» **EXERCISE AIM**
With the pictures left out, reproduce exactly the lines from the one containing "Rabbit Hay Feeder" through the final line of the entries.

» **Scraped caption text data**
★ ★ ★ ★

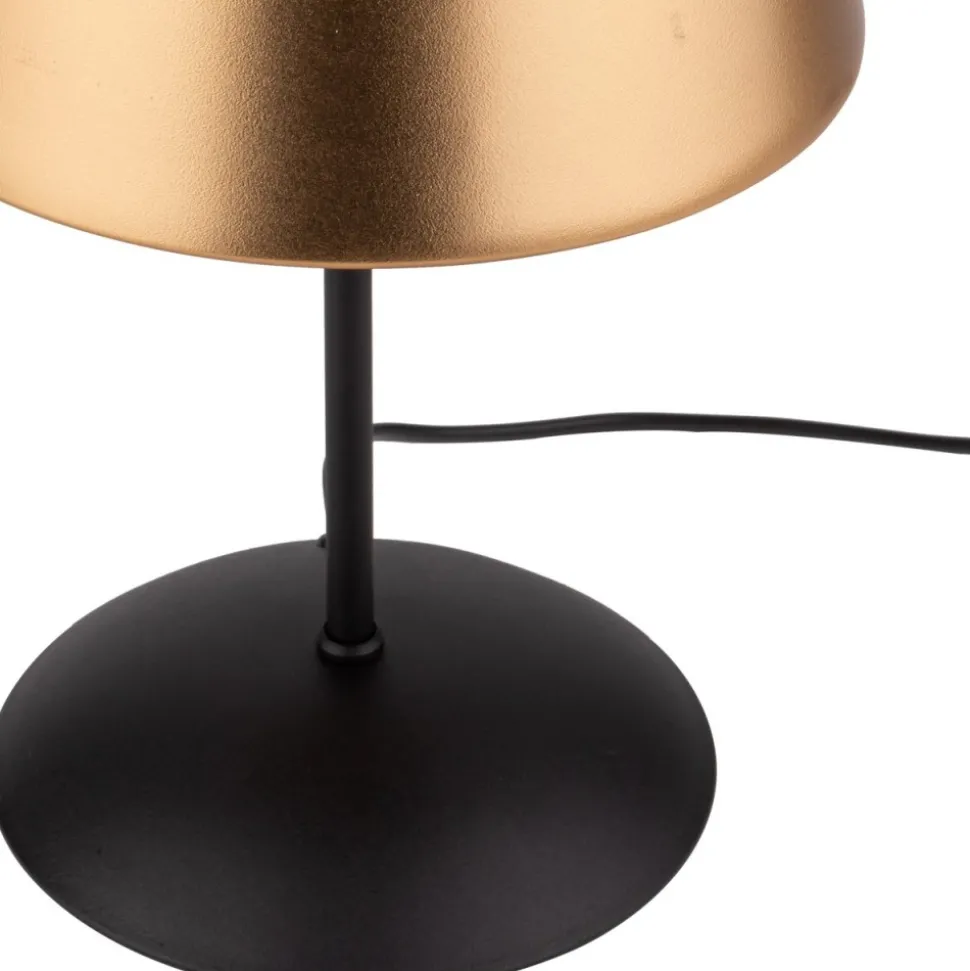 Lampka Nocna GLORY Czarny Złoty Abażur 33cm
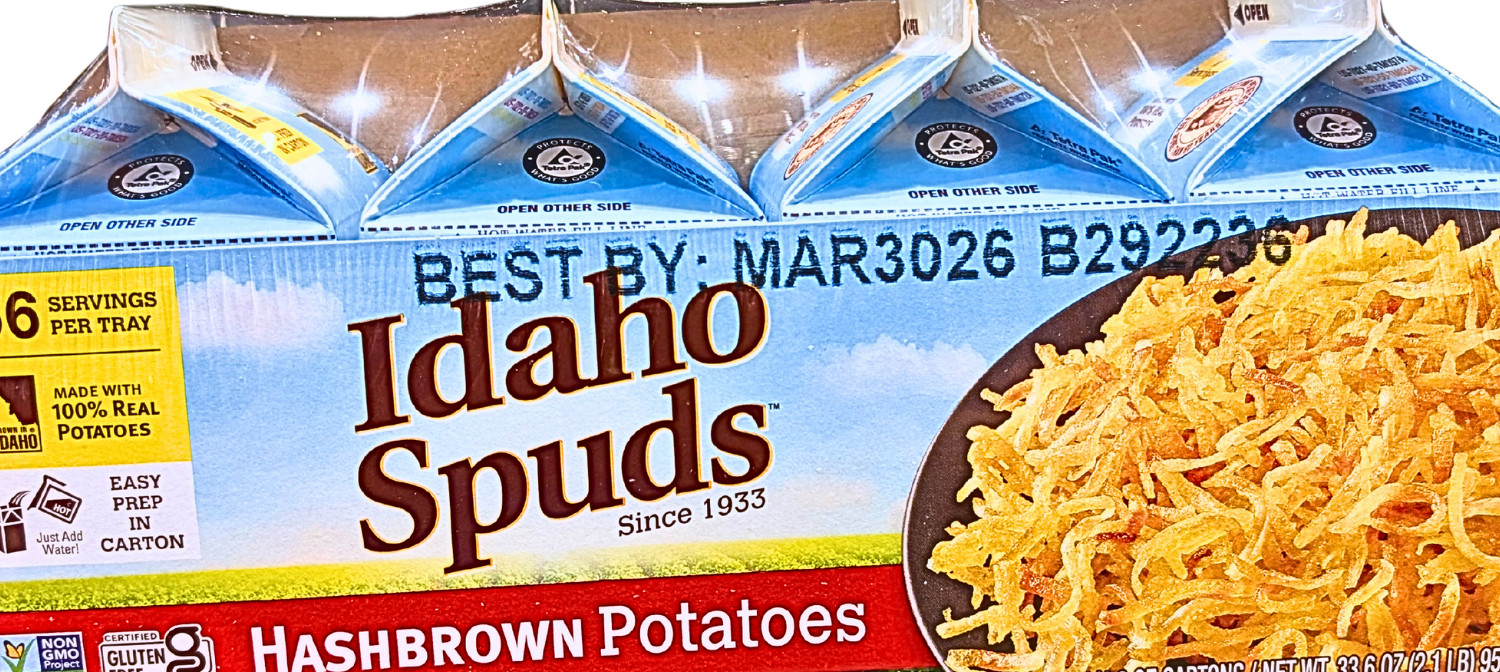 Idaho Spuds Premium Hashbrown Potatoes 8×42.2 Ounce Box EXP 03/2026
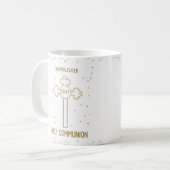 金色のクロスデザインの初聖体拝領グッズ コーヒーマグカップ (正面左)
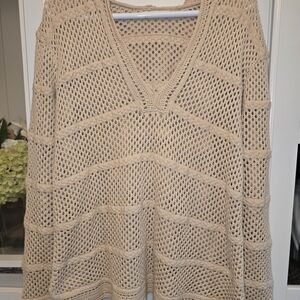 Bailey 44 Open Knit V-Neck Pullover in Beige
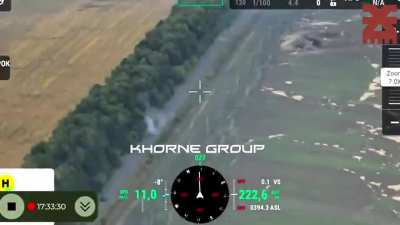 Extended version: Ukrainian vehicles breached Russian dragons teeth anti-tank structures at the border to Russia and drove towards Veseloe (Kursk Oblast). Drone footage provided by the Khorne group of the 116th Seperate Mechanized Brigade.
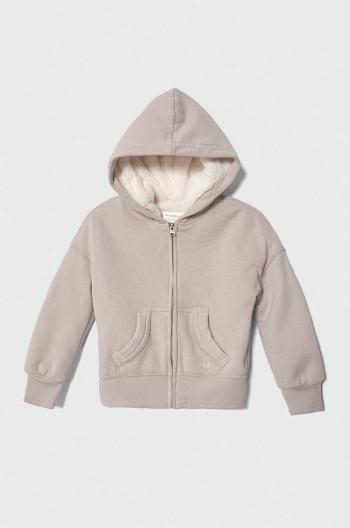 Detská mikina Abercrombie & Fitch béžová farba, s kapucňou, jednofarebná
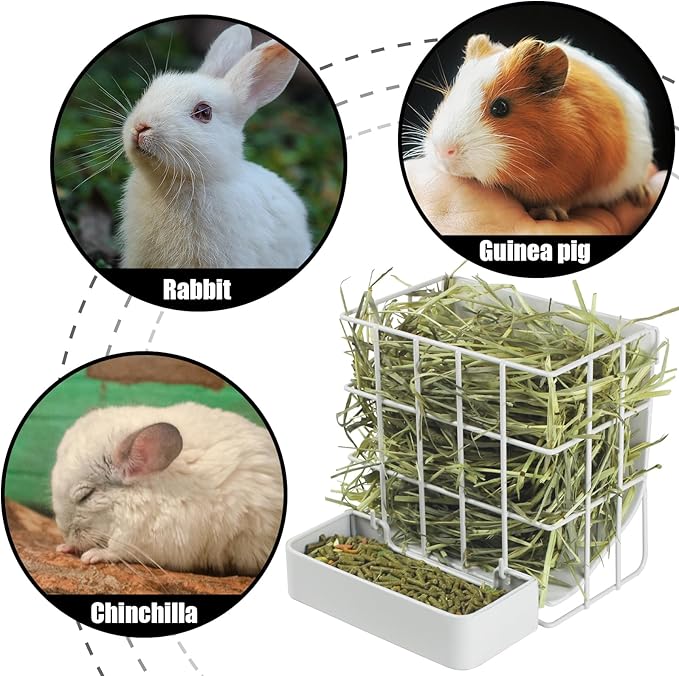 Rabbit Hay Feeder Guinea Pig Hay Feeder, Hay and Food Holder with Hook Heavy-Duty Metal Frame Hay Rack,for Bunny, Guinea Pigs,Chinchillas, Comes with Two Multifunctional Zippers-6.8x6.7x6.6inch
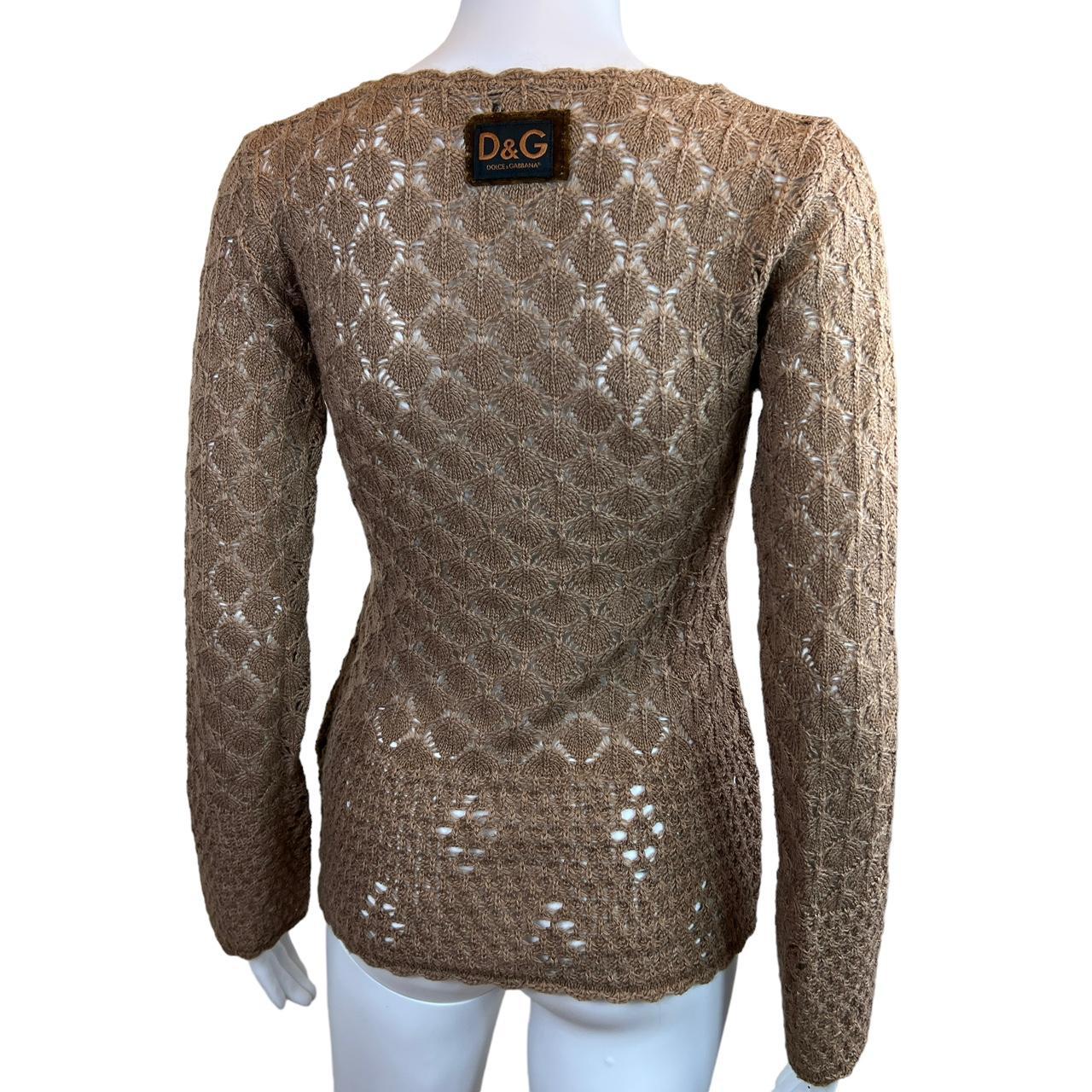 Dolce & Gabbana Wool Blend Open Knit Crochet Long Sleeve Sweater - Outfit Repeater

★ ★ ★ ★

» **EXERCISE RESPONSE**
 Rabbit Hay Feeder Guinea Pig Hay Feeder, Hay and Food Holder with Hook Heavy-Duty Metal Frame Hay Rack,for Bunny, Guinea Pigs,Chinchillas, Comes with Two Multifunctional Zippers-6.8x6.7x6.6inch
 Dolce & Gabbana Wool Blend Open Knit Crochet Long Sleeve Sweater - Outfit Repeater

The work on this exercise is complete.